A fala, sim, a fala. O som, o movimento, a palavra. A cura. As neurociências, em geral, agora paramentadas cada vez mais por conceitos que procuram mascarar a velha e conhecida  dominação do corpo, dominação do pensamento, o controle dos discursos, exibindo novas drogas indutoras da obediência a  iniciar-se cada vez mais cedo no controle das crianças, cerceando-lhes as infinitas e naturais formas de expressividade e contando ainda com cada vez mais complexos exames médicos “determinantes” e a pirotecnia para tentar localizar ou forjar “o mal” na saúde desse homem , um ser estático e determinado , abstrato e a-histórico  que em uma  visão tacanha e dogmática será sempre um ser composto de “dados” com características previsíveis, manipuláveis e tristemente controláveis. Um tempo que propõe cada vez mais o esquecimento e a substituição gradativa ou súbita de todo saber que “demore em obter resultados”, que novamente se proponha como arauto da verdade ao dizer que em chapas de eletroencefalogramas, tomografias em 3-D, ou em laudos médicos que afirmam com todas as letras que ser criança ou pensar a diferença são crimes inafiançáveis.  Voltar-se novamente à (re) conquista da corporeidade, nesse sentido, é uma vitória sobre si mesmo. Um espaço a descoberto que se abre para o espírito corajoso. Não se pode calar, sob pena de se inviabilizar qualquer processo de “cura”. Que falem as crianças, que falemos todos nós.

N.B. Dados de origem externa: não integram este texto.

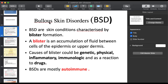Autoimmune skin disorders - bullous skin disorders are quite important. Bullous means blister formation. Blisters involve fluid accumulation between the epidermis and dermis. Normally blisters can form due to genetic reasons, inflammation, drug reactions, or immune-based reasons. In bullous skin disorders, the blisters are autoimmune or immune system related.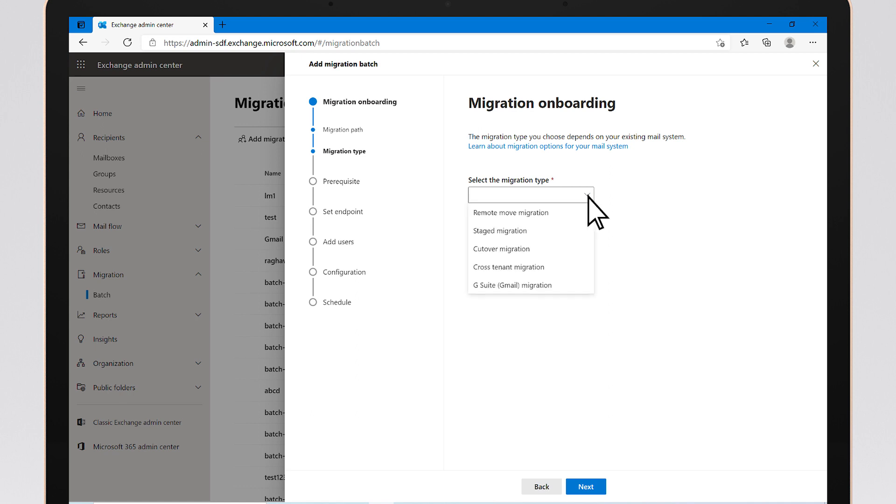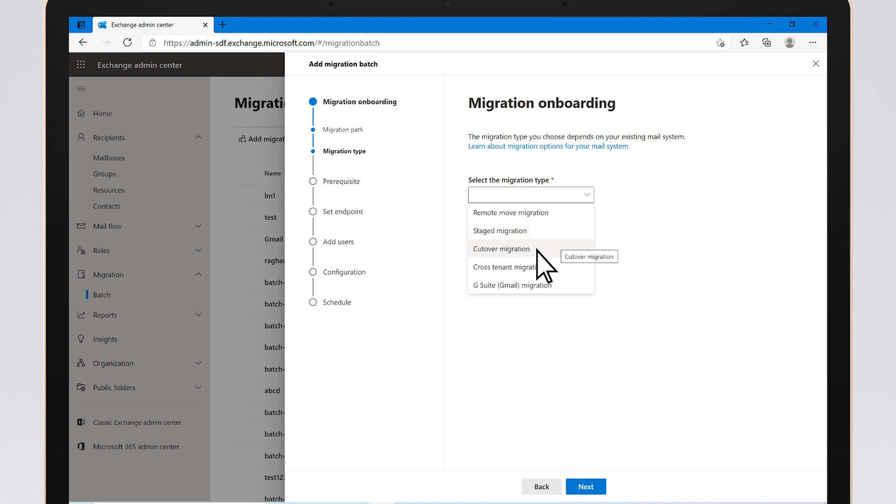The new EAC offers Remote Move Migration, Staged Migration, and Cutover Migration. We've also added Cross-Tenant Migration to help in merger and acquisition scenarios.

“O que nos cala não nos cura” é um retorno benéfico ao “Corpo sem òrgãos”, resgatando a peste de Artaud contra o sistema, resgatando Deleuze contra a alma decadente de um capitalismo terceiro mundo em que ninguém mais acredita,um corpo flexível e multiforme, indeterminado e indisciplinado para as velhas ações, reeditado pela via nobre do poema que desinstrumentaliza as formas para reassimilar novas vocações: um corpo que não quer mais se calar porque encontrou uma voz, e essa voz não e´mais adestramento, é sobretudo um corpo não mais exaurido pela maquinação da rotina, agora é um corpo perigoso, revolucionário no sentido poderoso que essa palavra tão desgastada e esquecida pode recuperar. Nesse momento onde as estruturas  ameaçam ruir, que saibamos construir nossa Renascença poética, que a poesia que não se cala possa ser um caminho de cura, não no sentido comum do termo, algo estanque, um medicamento para um mal, mas como um processo revelador de uma verdade, o expor em praça pública “fantasmas” muito bem escondidos, ato corajoso que gera caos e feridas para logo estabelecer cicatrizes , e em seguida,  num segundo momento, continuará ferindo para sucessivamente curar-se e relançar-se no mundo, sem nunca ter um fim. Porque ser gente é nunca ter acabado. Porque a fala nunca pode se calar, sob pena de não haver humanidade. Que as palavras que não se calam sejam novamente uma referência à fé que se tem ou se deve ter na linguagem, como início, meio e fim de qualquer processo que media a condição humana. Que possa vingar essa  fé,, esse acreditar sem dogmas, agnóstico e sublime porque movido por seu próprio olhar gerador de vida, uma fé que somente um criador saberia identificar e resgatar nas ruínas de um tempo onde pouco se vê de alento. Obrigado, poeta, por diagnosticar nosso tempo!  Uma vez mais.